** DATA SUPPLIED follows **

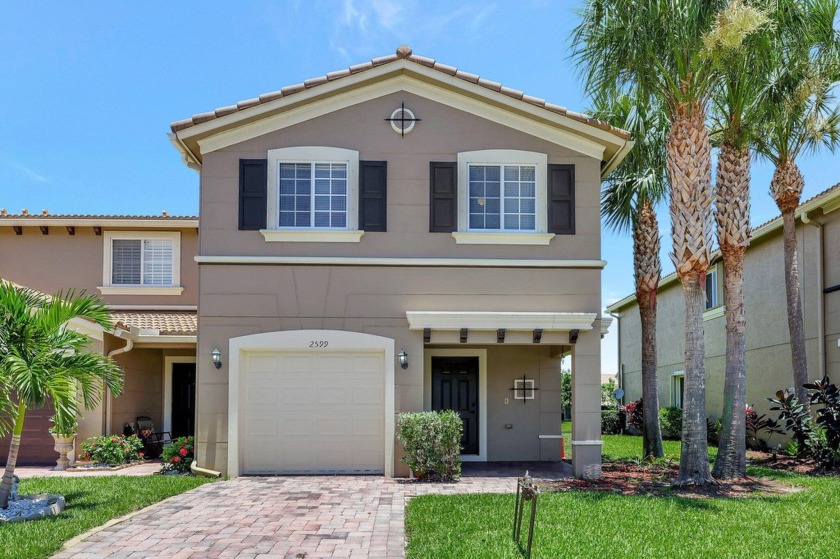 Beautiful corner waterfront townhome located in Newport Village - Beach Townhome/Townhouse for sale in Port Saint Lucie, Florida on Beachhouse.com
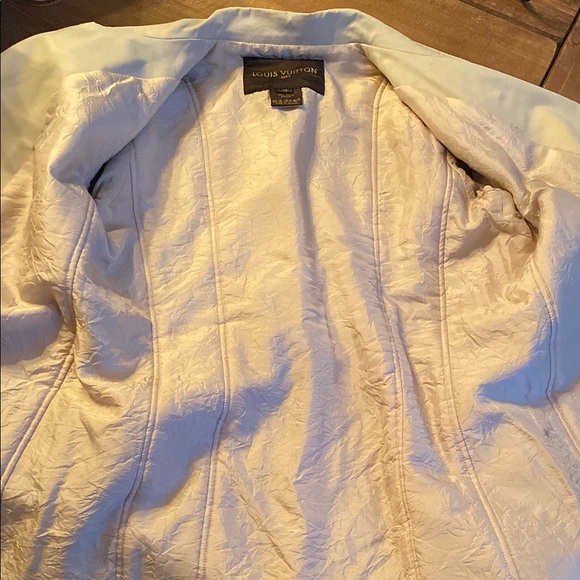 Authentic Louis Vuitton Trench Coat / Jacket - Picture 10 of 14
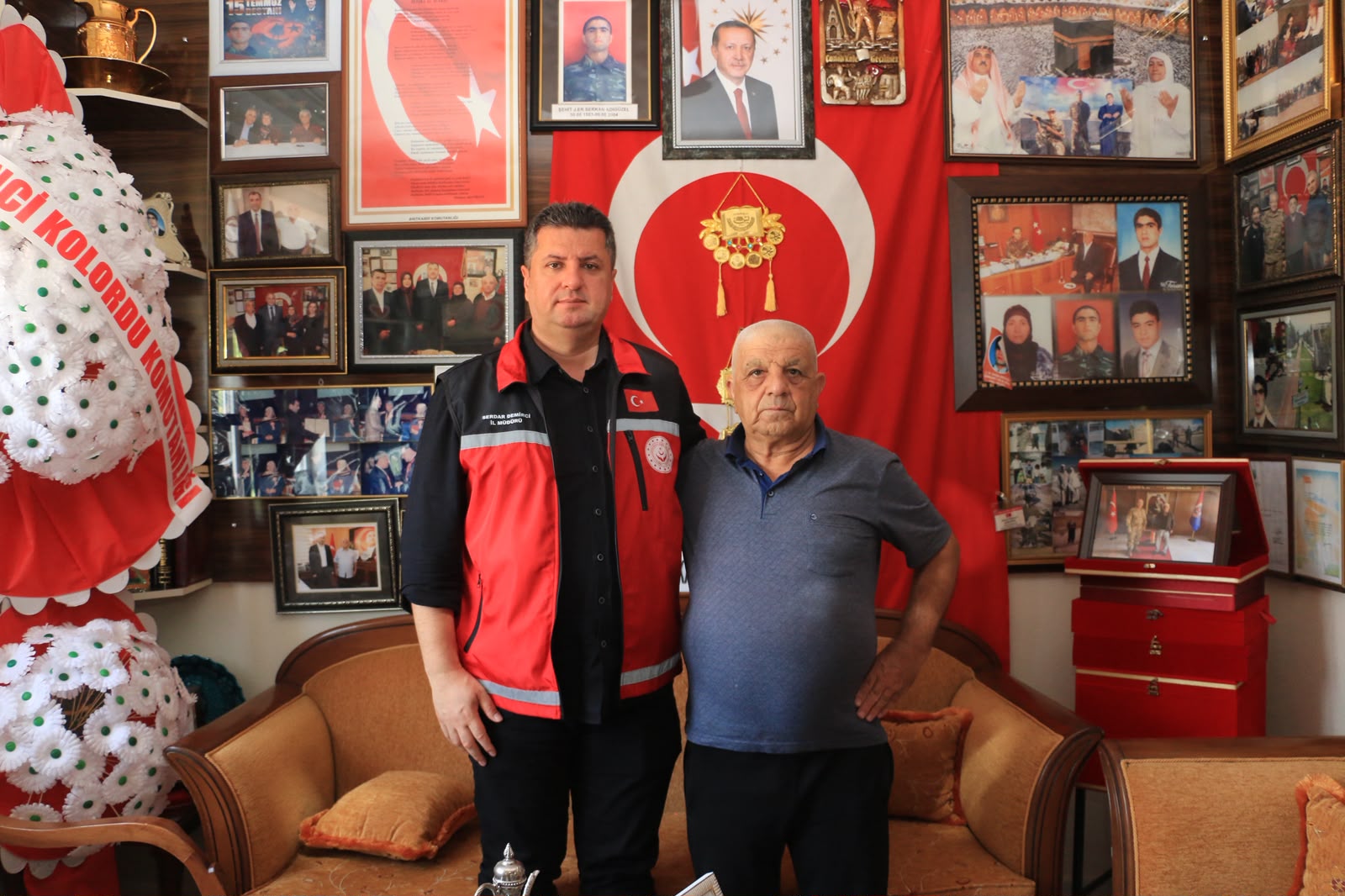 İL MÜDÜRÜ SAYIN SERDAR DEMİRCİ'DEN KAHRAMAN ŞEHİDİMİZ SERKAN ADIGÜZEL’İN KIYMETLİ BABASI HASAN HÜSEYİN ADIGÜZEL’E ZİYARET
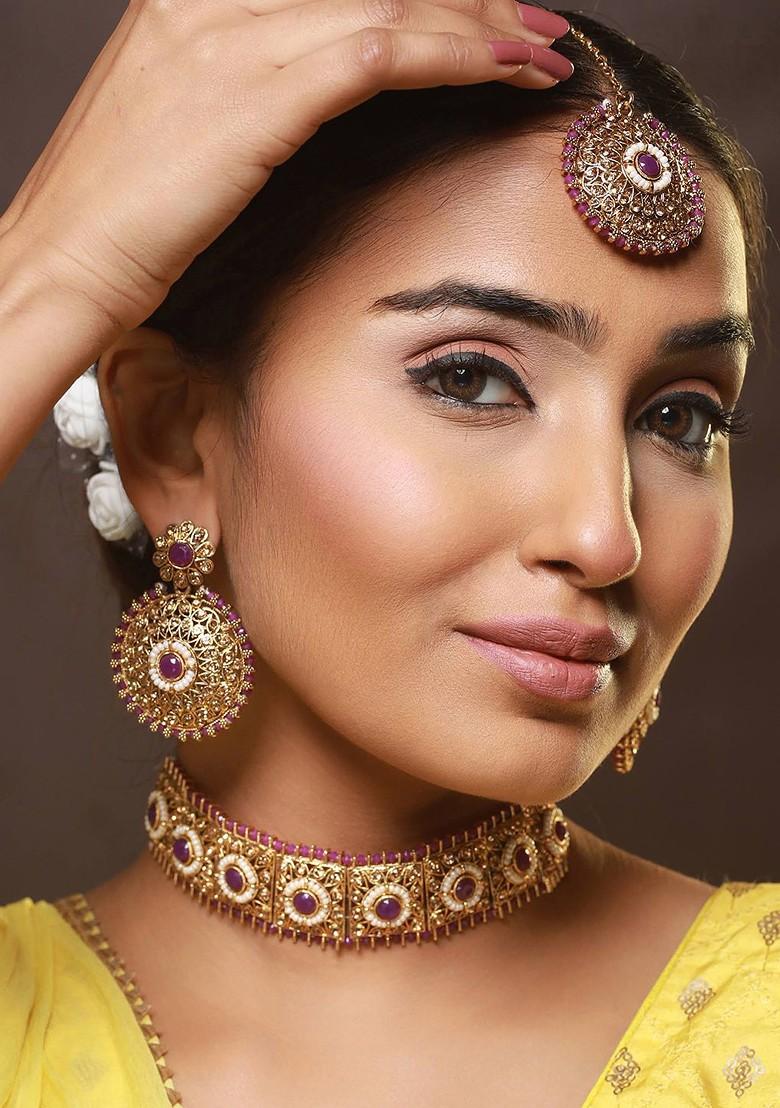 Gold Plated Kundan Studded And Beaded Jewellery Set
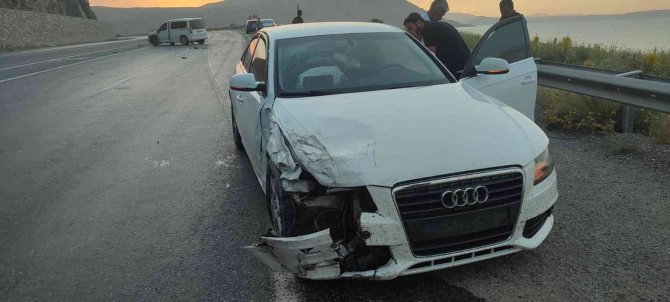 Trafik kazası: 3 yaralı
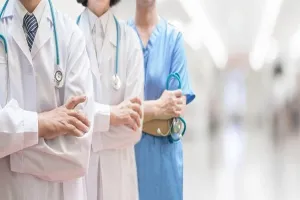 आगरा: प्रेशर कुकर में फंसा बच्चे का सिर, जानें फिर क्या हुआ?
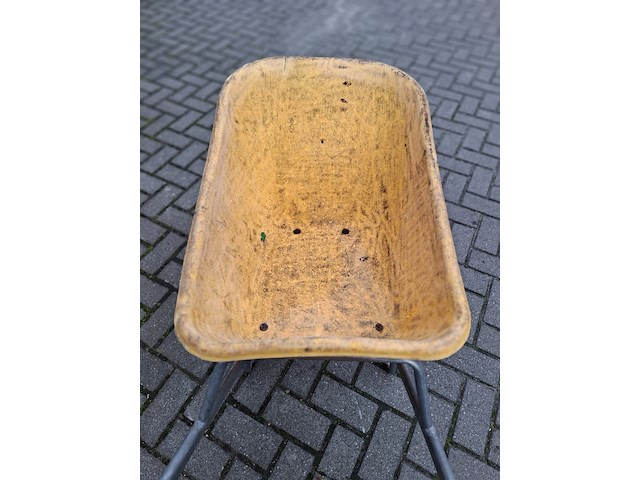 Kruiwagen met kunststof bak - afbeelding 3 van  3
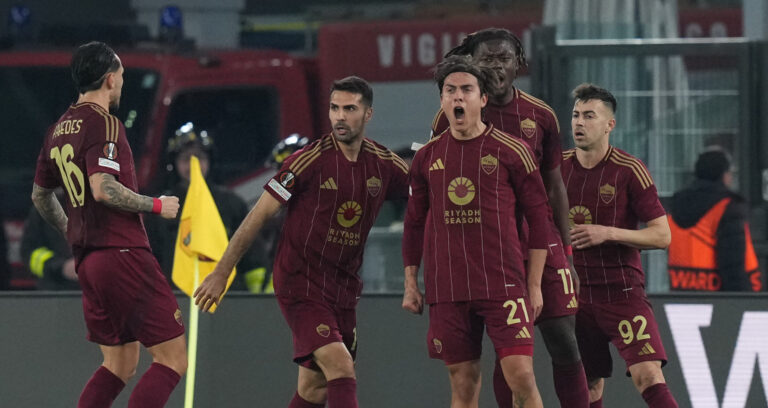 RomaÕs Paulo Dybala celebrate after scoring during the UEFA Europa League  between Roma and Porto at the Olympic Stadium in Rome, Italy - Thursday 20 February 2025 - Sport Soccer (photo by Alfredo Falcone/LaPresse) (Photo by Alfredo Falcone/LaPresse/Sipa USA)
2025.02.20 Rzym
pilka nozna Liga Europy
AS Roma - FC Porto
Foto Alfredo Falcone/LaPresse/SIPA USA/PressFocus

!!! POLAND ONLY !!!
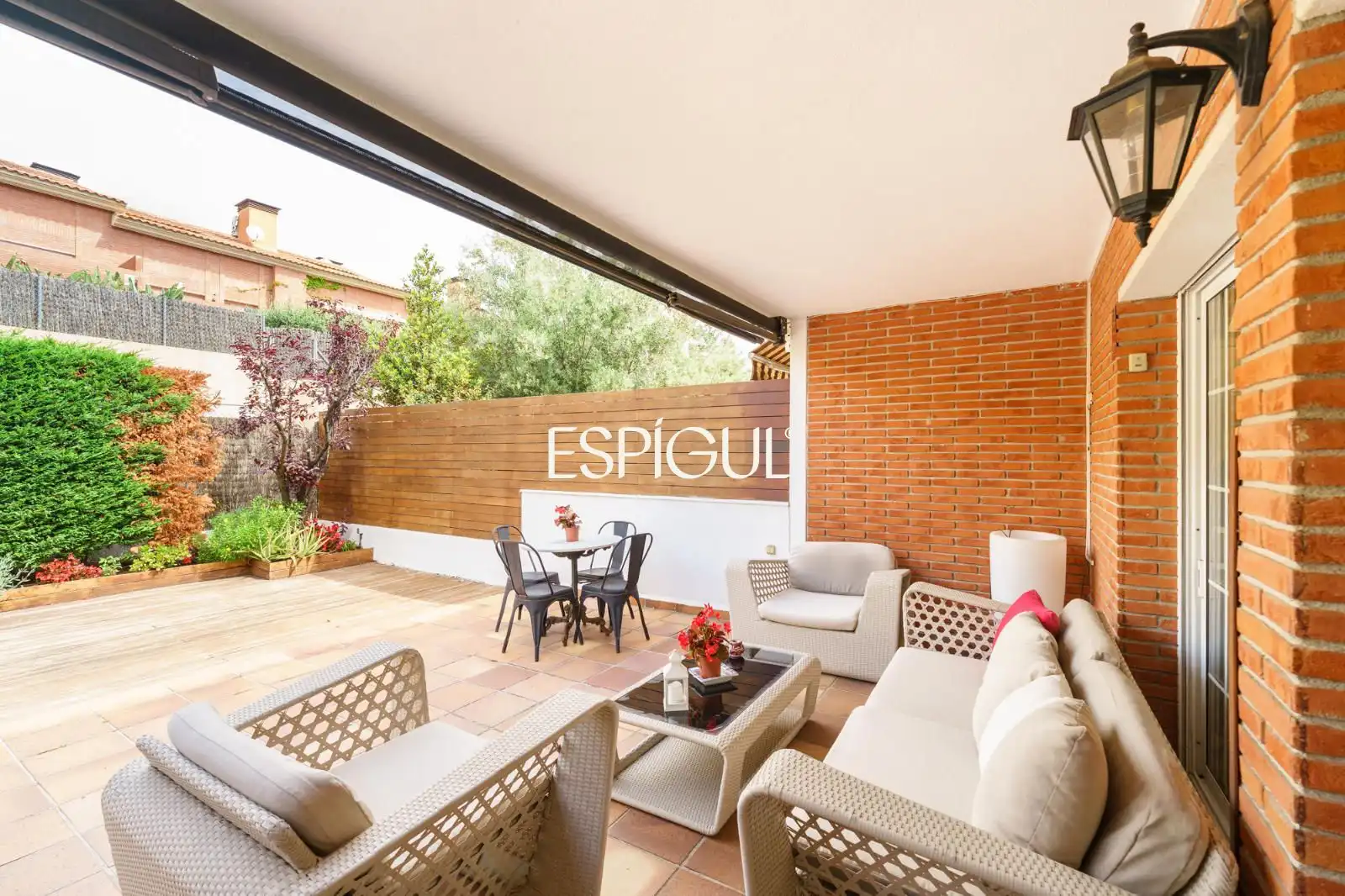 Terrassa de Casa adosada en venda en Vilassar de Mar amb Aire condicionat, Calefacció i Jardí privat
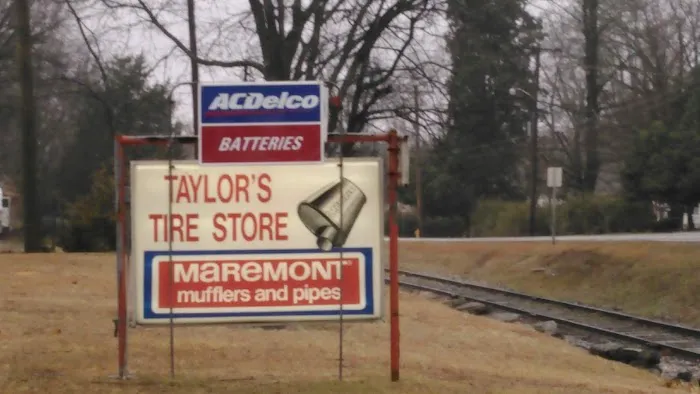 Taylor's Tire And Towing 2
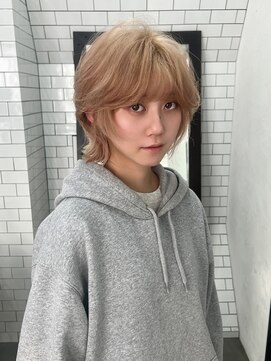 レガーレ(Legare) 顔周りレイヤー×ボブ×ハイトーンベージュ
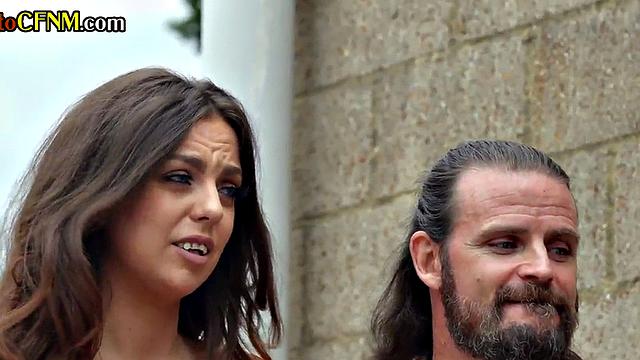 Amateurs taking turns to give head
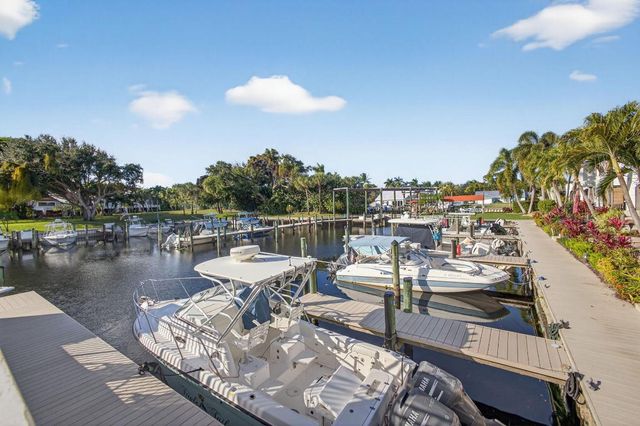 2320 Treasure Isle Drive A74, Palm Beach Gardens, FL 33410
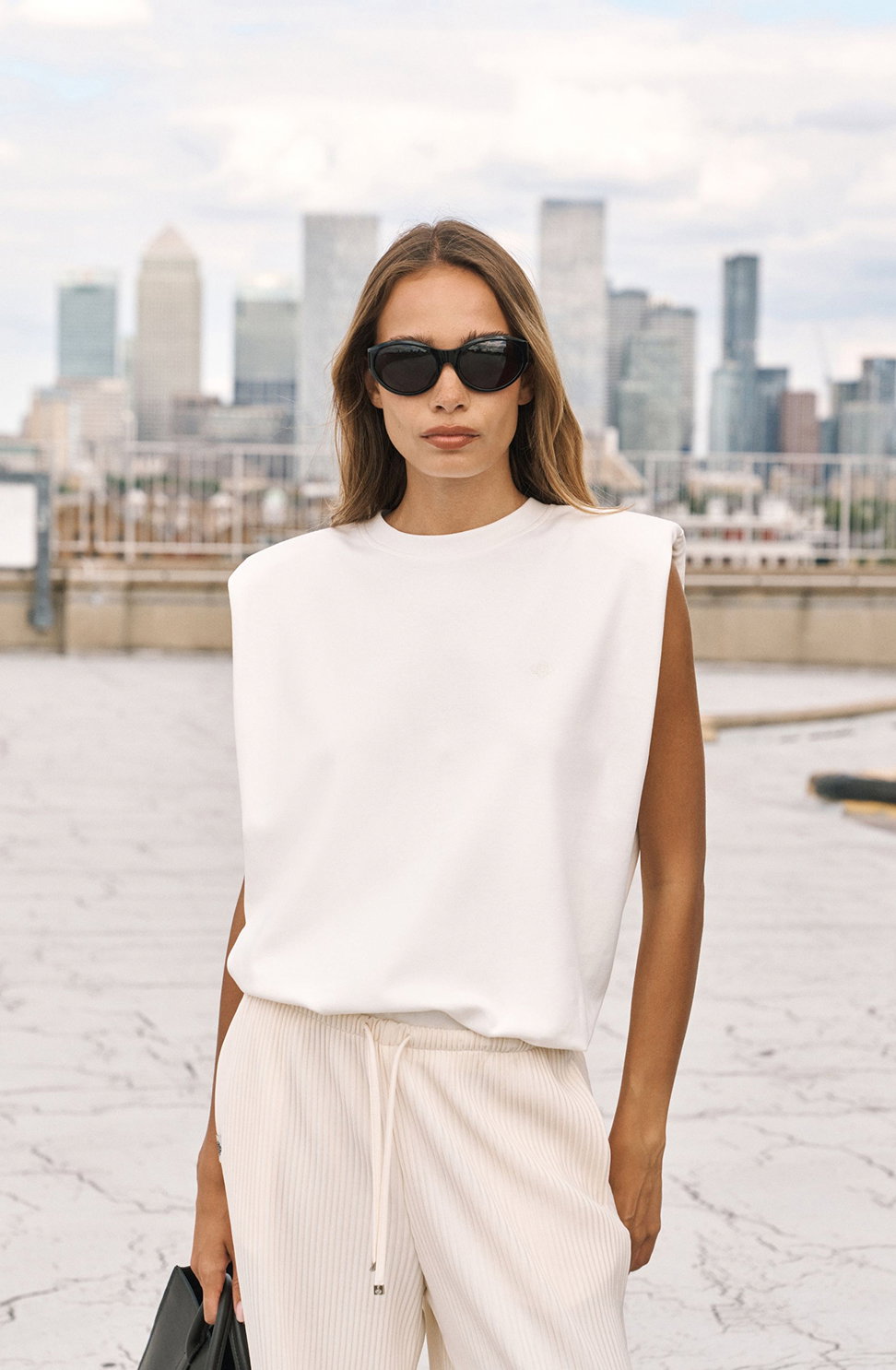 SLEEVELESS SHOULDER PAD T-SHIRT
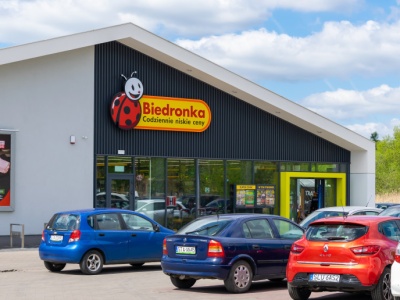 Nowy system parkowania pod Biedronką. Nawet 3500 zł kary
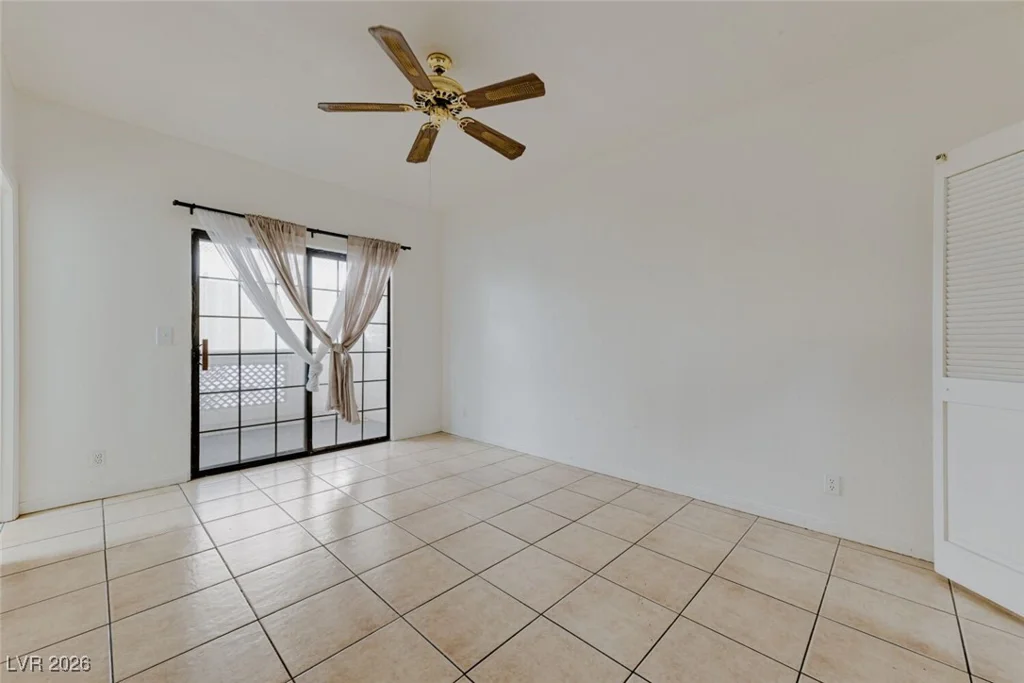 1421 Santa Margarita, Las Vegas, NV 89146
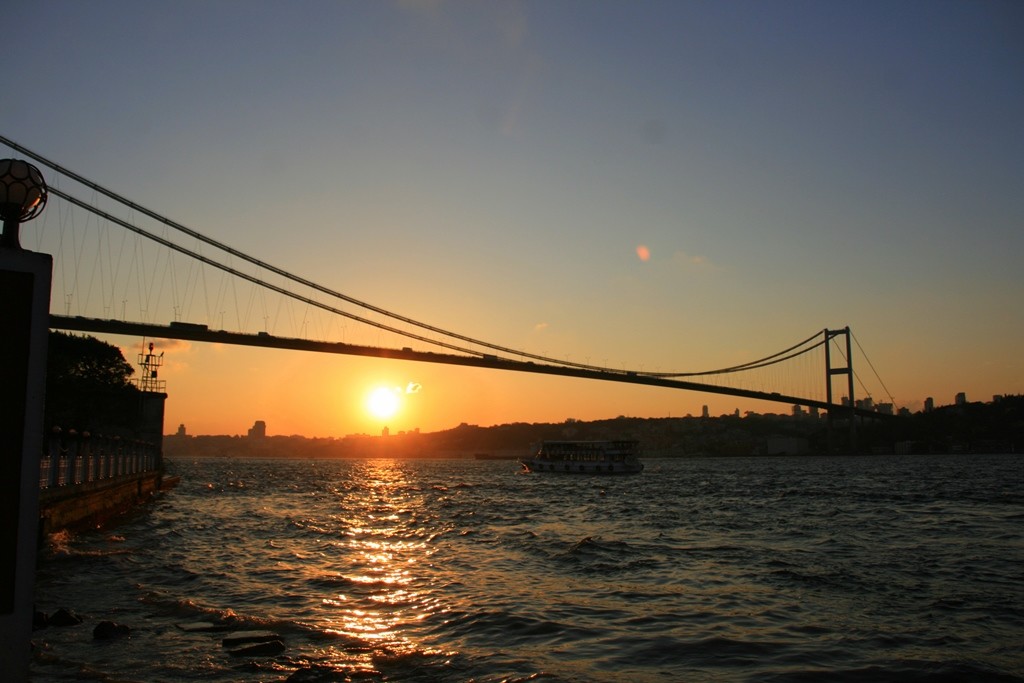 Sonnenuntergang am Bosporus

** End of DATA SUPPLIED **

● **WHAT YOU WILL DO**:
Write out again every line above exactly as given; the pictures do not belong in the copy.

● **SOLUTION FOR THIS PROBLEM**:
 Beautiful corner waterfront townhome located in Newport Village - Beach Townhome/Townhouse for sale in Port Saint Lucie, Florida on Beachhouse.com
 Authentic Louis Vuitton Trench Coat / Jacket - Picture 10 of 14
 İL MÜDÜRÜ SAYIN SERDAR DEMİRCİ'DEN KAHRAMAN ŞEHİDİMİZ SERKAN ADIGÜZEL’İN KIYMETLİ BABASI HASAN HÜSEYİN ADIGÜZEL’E ZİYARET
 Gold Plated Kundan Studded And Beaded Jewellery Set
 Trafik kazası: 3 yaralı
 आगरा: प्रेशर कुकर में फंसा बच्चे का सिर, जानें फिर क्या हुआ?
 Kruiwagen met kunststof bak - afbeelding 3 van  3
 RomaÕs Paulo Dybala celebrate after scoring during the UEFA Europa League  between Roma and Porto at the Olympic Stadium in Rome, Italy - Thursday 20 February 2025 - Sport Soccer (photo by Alfredo Falcone/LaPresse) (Photo by Alfredo Falcone/LaPresse/Sipa USA)
2025.02.20 Rzym
pilka nozna Liga Europy
AS Roma - FC Porto
Foto Alfredo Falcone/LaPresse/SIPA USA/PressFocus

!!! POLAND ONLY !!!
 Terrassa de Casa adosada en venda en Vilassar de Mar amb Aire condicionat, Calefacció i Jardí privat
 Taylor's Tire And Towing 2
 レガーレ(Legare) 顔周りレイヤー×ボブ×ハイトーンベージュ
 Amateurs taking turns to give head
 2320 Treasure Isle Drive A74, Palm Beach Gardens, FL 33410
 SLEEVELESS SHOULDER PAD T-SHIRT
 Nowy system parkowania pod Biedronką. Nawet 3500 zł kary
 1421 Santa Margarita, Las Vegas, NV 89146
 Sonnenuntergang am Bosporus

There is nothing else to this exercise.